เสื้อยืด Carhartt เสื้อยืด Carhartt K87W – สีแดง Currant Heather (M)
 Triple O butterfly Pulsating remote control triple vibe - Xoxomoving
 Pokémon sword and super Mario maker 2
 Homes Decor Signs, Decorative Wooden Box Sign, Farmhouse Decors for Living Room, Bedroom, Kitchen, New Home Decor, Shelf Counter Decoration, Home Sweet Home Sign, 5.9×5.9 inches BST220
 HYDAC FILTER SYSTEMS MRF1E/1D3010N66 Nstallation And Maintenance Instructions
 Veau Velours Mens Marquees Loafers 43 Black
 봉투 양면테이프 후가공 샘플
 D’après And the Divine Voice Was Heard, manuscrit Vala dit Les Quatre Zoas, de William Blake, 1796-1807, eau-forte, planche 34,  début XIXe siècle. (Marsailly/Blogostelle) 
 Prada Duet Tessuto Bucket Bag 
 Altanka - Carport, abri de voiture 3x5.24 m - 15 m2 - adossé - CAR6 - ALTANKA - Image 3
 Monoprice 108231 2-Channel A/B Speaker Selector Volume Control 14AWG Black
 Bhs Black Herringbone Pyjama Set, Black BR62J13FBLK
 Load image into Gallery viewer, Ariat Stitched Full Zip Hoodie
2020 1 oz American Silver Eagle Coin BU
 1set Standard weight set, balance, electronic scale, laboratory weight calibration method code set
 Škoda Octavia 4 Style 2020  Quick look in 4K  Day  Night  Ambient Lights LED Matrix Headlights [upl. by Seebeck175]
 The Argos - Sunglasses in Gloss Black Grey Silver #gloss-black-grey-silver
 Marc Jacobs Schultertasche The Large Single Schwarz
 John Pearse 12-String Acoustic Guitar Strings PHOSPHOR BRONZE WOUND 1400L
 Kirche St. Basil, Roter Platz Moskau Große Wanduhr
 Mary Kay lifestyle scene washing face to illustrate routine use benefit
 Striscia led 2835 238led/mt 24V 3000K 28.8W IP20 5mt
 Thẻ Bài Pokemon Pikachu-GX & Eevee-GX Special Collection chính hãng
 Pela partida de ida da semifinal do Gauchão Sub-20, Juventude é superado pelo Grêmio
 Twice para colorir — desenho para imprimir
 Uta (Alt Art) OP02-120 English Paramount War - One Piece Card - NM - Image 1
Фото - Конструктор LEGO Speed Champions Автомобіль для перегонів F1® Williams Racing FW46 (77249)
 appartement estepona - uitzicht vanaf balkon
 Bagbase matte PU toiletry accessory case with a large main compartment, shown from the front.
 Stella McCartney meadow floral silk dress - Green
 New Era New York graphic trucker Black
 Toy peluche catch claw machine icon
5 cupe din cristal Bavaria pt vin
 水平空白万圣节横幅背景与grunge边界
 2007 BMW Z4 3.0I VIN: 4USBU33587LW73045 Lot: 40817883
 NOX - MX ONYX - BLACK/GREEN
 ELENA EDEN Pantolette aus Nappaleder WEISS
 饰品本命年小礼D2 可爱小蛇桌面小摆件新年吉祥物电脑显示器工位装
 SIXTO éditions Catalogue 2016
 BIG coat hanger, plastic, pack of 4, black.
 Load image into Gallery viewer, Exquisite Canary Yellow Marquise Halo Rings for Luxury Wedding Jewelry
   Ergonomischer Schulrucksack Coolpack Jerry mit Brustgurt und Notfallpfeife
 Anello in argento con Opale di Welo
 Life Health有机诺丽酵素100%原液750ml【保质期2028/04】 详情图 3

(EXERCISE PROMPT) In your answer, repeat each of the records exactly.

(RESPONSE AREA)
เสื้อยืด Carhartt เสื้อยืด Carhartt K87W – สีแดง Currant Heather (M)
 Triple O butterfly Pulsating remote control triple vibe - Xoxomoving
 Pokémon sword and super Mario maker 2
 Homes Decor Signs, Decorative Wooden Box Sign, Farmhouse Decors for Living Room, Bedroom, Kitchen, New Home Decor, Shelf Counter Decoration, Home Sweet Home Sign, 5.9×5.9 inches BST220
 HYDAC FILTER SYSTEMS MRF1E/1D3010N66 Nstallation And Maintenance Instructions
 Veau Velours Mens Marquees Loafers 43 Black
 봉투 양면테이프 후가공 샘플
 D’après And the Divine Voice Was Heard, manuscrit Vala dit Les Quatre Zoas, de William Blake, 1796-1807, eau-forte, planche 34,  début XIXe siècle. (Marsailly/Blogostelle) 
 Prada Duet Tessuto Bucket Bag 
 Altanka - Carport, abri de voiture 3x5.24 m - 15 m2 - adossé - CAR6 - ALTANKA - Image 3
 Monoprice 108231 2-Channel A/B Speaker Selector Volume Control 14AWG Black
 Bhs Black Herringbone Pyjama Set, Black BR62J13FBLK
 Load image into Gallery viewer, Ariat Stitched Full Zip Hoodie
2020 1 oz American Silver Eagle Coin BU
 1set Standard weight set, balance, electronic scale, laboratory weight calibration method code set
 Škoda Octavia 4 Style 2020  Quick look in 4K  Day  Night  Ambient Lights LED Matrix Headlights [upl. by Seebeck175]
 The Argos - Sunglasses in Gloss Black Grey Silver #gloss-black-grey-silver
 Marc Jacobs Schultertasche The Large Single Schwarz
 John Pearse 12-String Acoustic Guitar Strings PHOSPHOR BRONZE WOUND 1400L
 Kirche St. Basil, Roter Platz Moskau Große Wanduhr
 Mary Kay lifestyle scene washing face to illustrate routine use benefit
 Striscia led 2835 238led/mt 24V 3000K 28.8W IP20 5mt
 Thẻ Bài Pokemon Pikachu-GX & Eevee-GX Special Collection chính hãng
 Pela partida de ida da semifinal do Gauchão Sub-20, Juventude é superado pelo Grêmio
 Twice para colorir — desenho para imprimir
 Uta (Alt Art) OP02-120 English Paramount War - One Piece Card - NM - Image 1
Фото - Конструктор LEGO Speed Champions Автомобіль для перегонів F1® Williams Racing FW46 (77249)
 appartement estepona - uitzicht vanaf balkon
 Bagbase matte PU toiletry accessory case with a large main compartment, shown from the front.
 Stella McCartney meadow floral silk dress - Green
 New Era New York graphic trucker Black
 Toy peluche catch claw machine icon
5 cupe din cristal Bavaria pt vin
 水平空白万圣节横幅背景与grunge边界
 2007 BMW Z4 3.0I VIN: 4USBU33587LW73045 Lot: 40817883
 NOX - MX ONYX - BLACK/GREEN
 ELENA EDEN Pantolette aus Nappaleder WEISS
 饰品本命年小礼D2 可爱小蛇桌面小摆件新年吉祥物电脑显示器工位装
 SIXTO éditions Catalogue 2016
 BIG coat hanger, plastic, pack of 4, black.
 Load image into Gallery viewer, Exquisite Canary Yellow Marquise Halo Rings for Luxury Wedding Jewelry
   Ergonomischer Schulrucksack Coolpack Jerry mit Brustgurt und Notfallpfeife
 Anello in argento con Opale di Welo
 Life Health有机诺丽酵素100%原液750ml【保质期2028/04】 详情图 3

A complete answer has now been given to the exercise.